I think we have different viewpoints of what the frontier is. The majority of the 20% improvements mentioned in this post are things I came up with and are pretty surface level. I have only been looking at LLMs for 6 months when I have free time outside work as something to tinker with, and I don’t consider myself an expert, obviously. I would anticipate that the actual research frontier at labs is substantially ahead, such that any moral discussions around this post are akin to debating if a 11th grade Chemistry lab will encourage the creation of nuclear weapons.
Part of my hope in posting was to get technical feedback from a crowd that is knowledgeable on AI systems. Curious if you can be more specific on why you believe this.
AI development feels more similar to biology than to chemistry. Bright 11th graders shouldn’t be doing experiments on culturing some previously unculturabke pathogen which would be a good bioweapon target and discussing their results, since the field is wide and shallow and it’s not entirely impossible that their experiments are novel.
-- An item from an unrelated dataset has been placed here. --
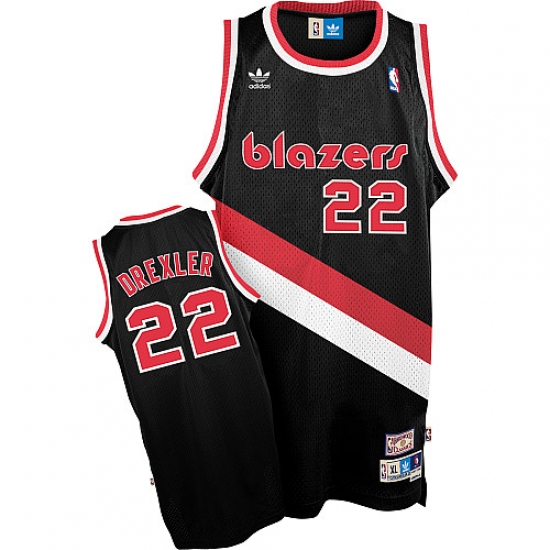 Men's Adidas Portland Trail Blazers #22 Clyde Drexler Swingman Black Throwback NBA Jersey - Ujersey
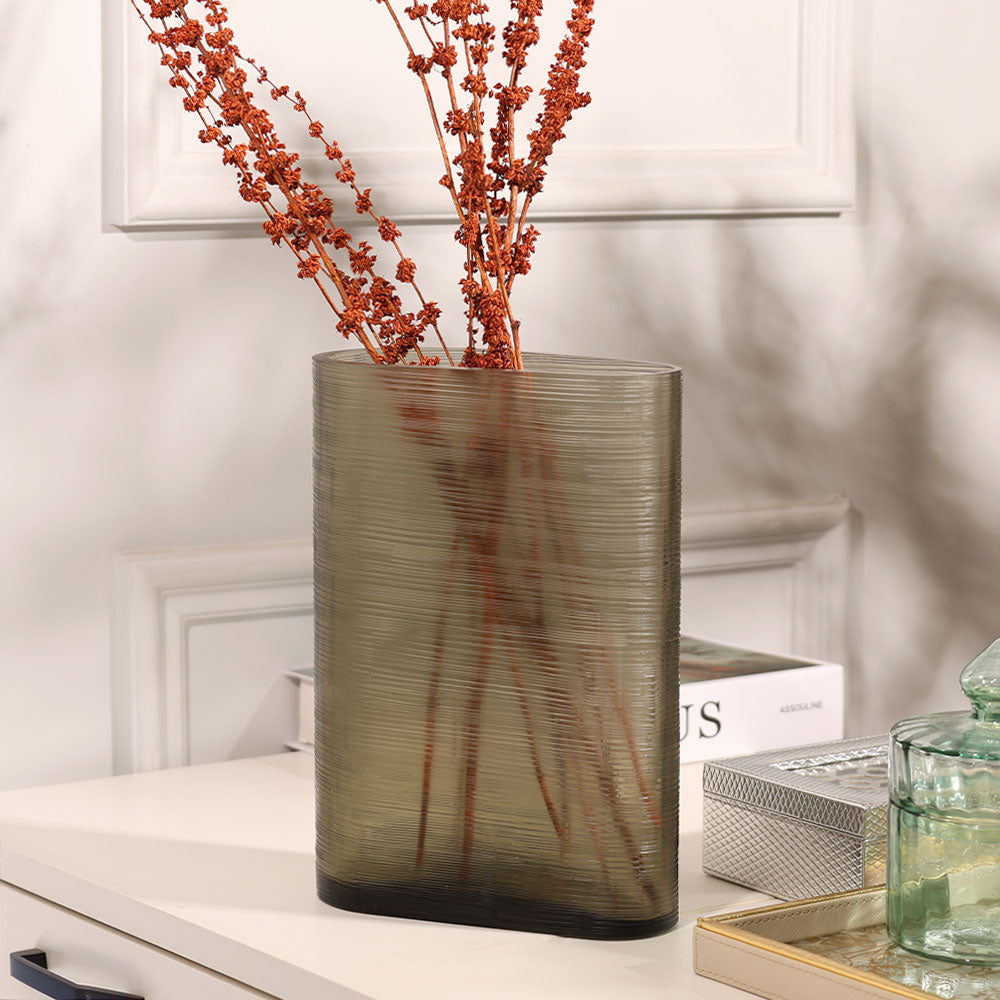 Sirocco Asymmetric Glass Vase Tall - Moss Green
On the other hand, if they’re running basic experiments on culturing some specific common bacterium (e.g. e coli) better, they probably don’t need to worry about accelerating bioweapon development even if there is a chance of them making a slight advancement to the field of biology as a whole.
The nanogpt speedrun feels more like developing better methods to culture e coli at a hobbyist level, and quite unlikely to lead to any substantial advancement applicable to the operational efficiency of well-funded companies at the frontier. Still, it probably is worth keeping track of when the work you’re doing approaches the “this is actually something novel the frontier labs might use” mark, particularly if it’s something more substantial than “here’s how to use the hardware more efficiently to train this particular model”.
Framing isn’t about being covert, it’s about a particular emphasis on what kinds of considerations are in scope, naturally resulting in almost complete omission of obviously irrelevant (technical) details (and occasionally in comical misunderstanding of content produced from a mutually unintelligible framing).